COURTESY OF THE ABRAHAM LINCOLN PRESIDENTIAL LIBRARY AND MUSEUM
Duncan McDonald
Champaign is used to naive people who overestimate their prospects of success at endeavors at which clearer-eyed observers know they will fail. Think of all those incoming freshmen, all those Fighting Illini teams, all those University of Illinois ethics panels.
We must add to that list one David Green, a 63-year-old physics professor who is running for the U.S. House in the March primary. He used the word “socialist” to describe his anti-corporatist and isolationist views, which is kind of like kids who cherry-bomb mailboxes calling themselves terrorists. Still, it was refreshing to hear anyone use the term to describe what government might do rather than to damn everything government does do.
It wasn’t that long ago that perfectly unradical Illinoisans elected socialists to represent them on city councils and in mayors’ offices. Rockford prospered for more than 40 years under a coalition of socialists and labor unions. Socialists briefly ran city government in Canton in the years before World War I, where the most radical measure they adopted was boosting the budget for public band concerts. And as I noted in a recent column (“Lousy socialists,” Dec. 20, 2012), the City of Springfield has for a century been committed to municipal socialism by its ownership and management of the means of production of a vital product, electricity.
The public official behind the founding of CWLP was reformist water commissioner Willis J. Spaulding, and one of Mr. Spaulding’s supporters was longtime Springfield resident Duncan McDonald. Born upstate of Scots parents in 1873, McDonald went to work in the coal mines at 11. He soon realized that while any society will have its rich living on the hill and its poor working in holes in the ground, a good society won’t leave the poor buried there.
McDonald grew up to become a mine organizer and administrator, a lobbyist for mine safety and, later, cooperatives, which he had embraced as the alternative to exploitative capitalism. He realized that the working man and woman needed wholesale changes in the economy, not merely better contracts with owners. For 15 years McDonald believed that the Socialist Party of the U.S. could make those changes. The party was a coalition of the 47 Percent of that day – labor unions, social do-gooders, populist farmers and immigrants. At its head, Eugene V. Debs won more than 900,000 votes for president in 1912 and again in 1920.
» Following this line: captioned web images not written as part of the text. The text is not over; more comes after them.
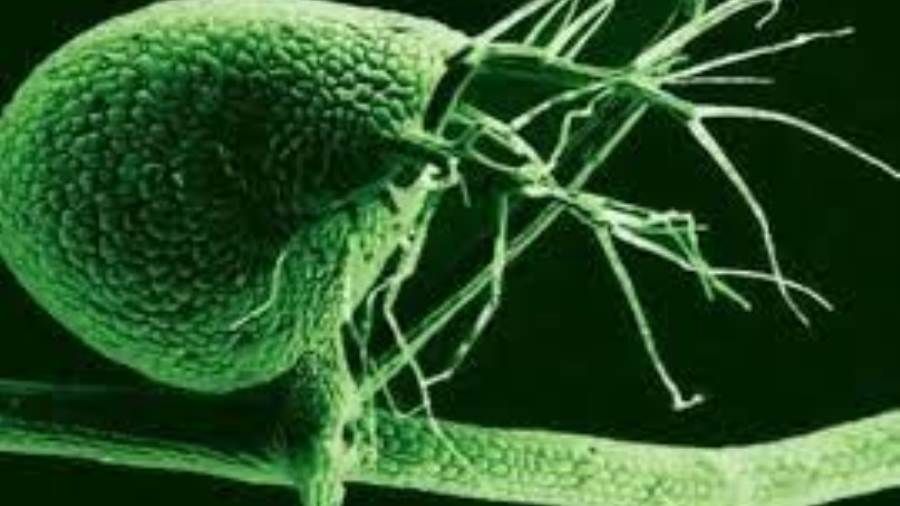 طبيب يحذر من عادة يومية تصيب بالفطر الأسود.. اعرف التفاصيل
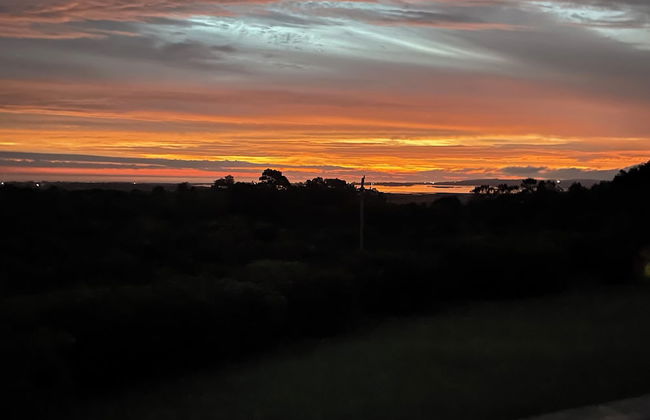 La Picarona - Photo 46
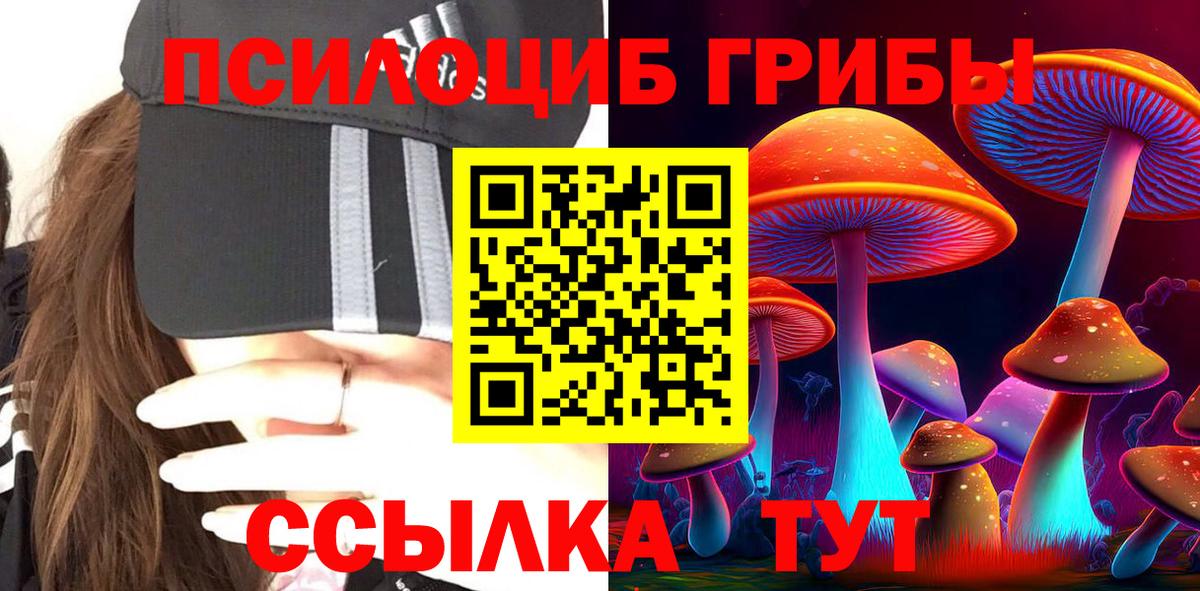 Сызрань  Галлюциногенные грибы Psilocybe  Вход с VPN 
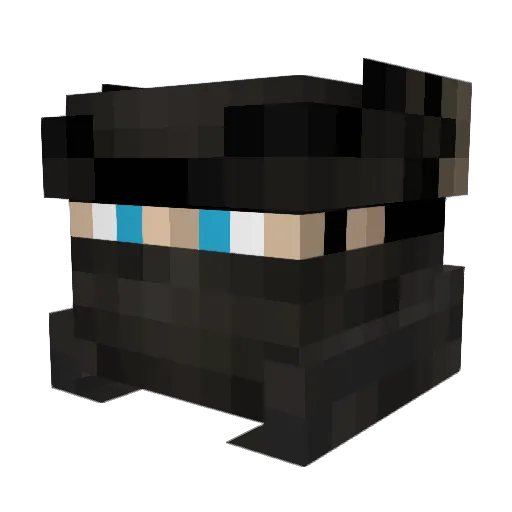 Meillone Minecraft avatar head, 3D render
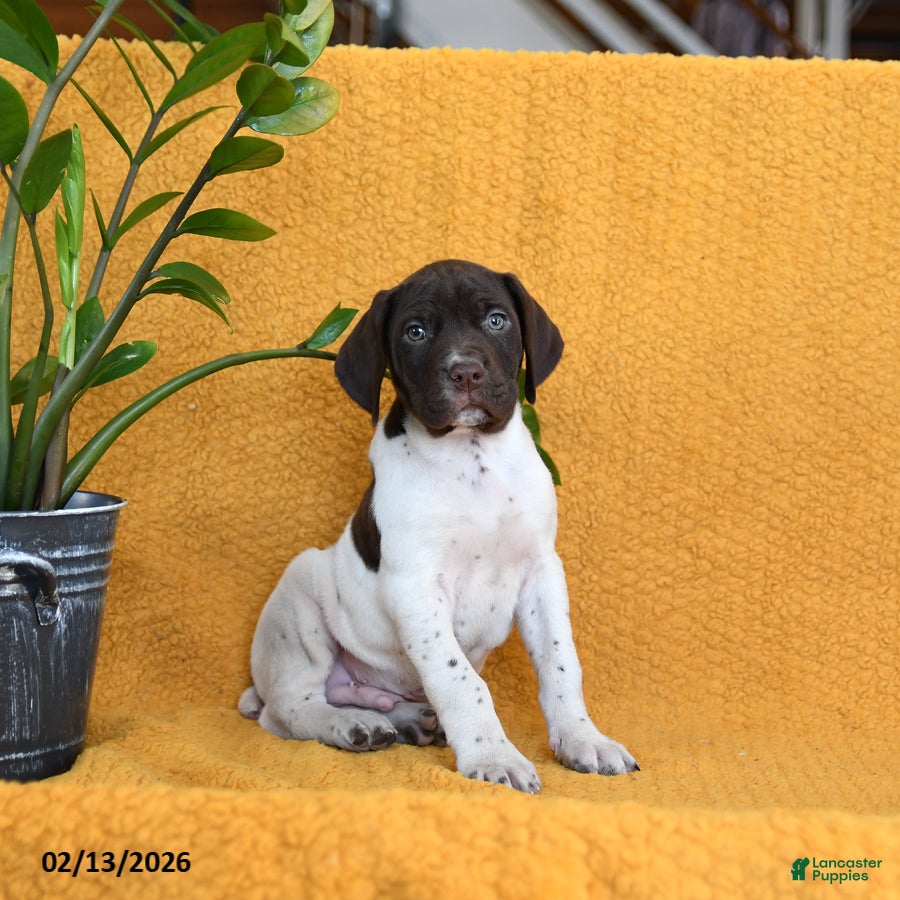 German Shorthaired Pointer dogs Baxter - Ad 2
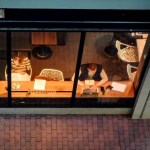 An-offshoring-office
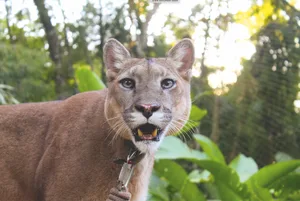 Wara the puma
Alas, leftists never fought against the capitalists as hard as they fought against each other, and the Socialist Party coalition split up. McDonald took up with the new Farmer-Labor Party which brought together organized labor and the farm cooperative movement. McDonald was even nominated as its presidential candidate in 1924, although he stepped down to let the Progressive Party fly the flag for the left in the elections.
I could go on, but political factionalism gives me a headache. Years of watching mass organizations with hopeful aims lose themselves in muddle and disputatiousness must have been disenchanting. By age 50, McDonald was an ex-Populist and an ex-Socialist, although never an ex-admirer of Mother Jones, at whose funeral in Mt. Olive he had been a featured speaker.
In Springfield, McDonald was pals with other citizens considered odd by the folks who golfed at Illini. Vachel Lindsay was one of them, Willis J. Spaulding another. (Mark Harris’s City of Discontent, a fictionalized biography of Lindsay, gives us one portrait of the group.) In 1924, McDonald and his wife bought an art and book store, which they operated at 221 E. Adams for the next 35 years. They specialized in books on Lincoln, another man who believed fervently that every person had a right to the fruits of his labor.
Rather than save the world, he tried to help save Springfield – a big enough challenge. He served with the town’s great and the good on the pre-World War I committee that oversaw preparation of the Springfield Survey, which inquired into the state of the city’s charities, schools, recreation facilities, public administration, industrial conditions, public health and jails. The grim results didn’t change Springfield much, but it did change the city’s mind about doing any more surveys.
As for his later life, McDonald became a joiner – Masons, Shriners, Odd Fellows – and in 1940 sought the Republican Party congressional nomination. Apparently he left an autobiography, which lies unpublished in what used to be the Illinois State Historical Library; it could make interesting reading.
The town still produces a few odd people who want to change things, although rather than undertake the exhausting work of founding unions or political parties they tend to found blogs. And Springfield still ignores them. Society dame Francis P. Ide worked on the same Springfield Survey committee as McDonald. In an interview as an old woman, she was asked what he had been radical about. She said, “Oh, I don’t know. I never listened to him.”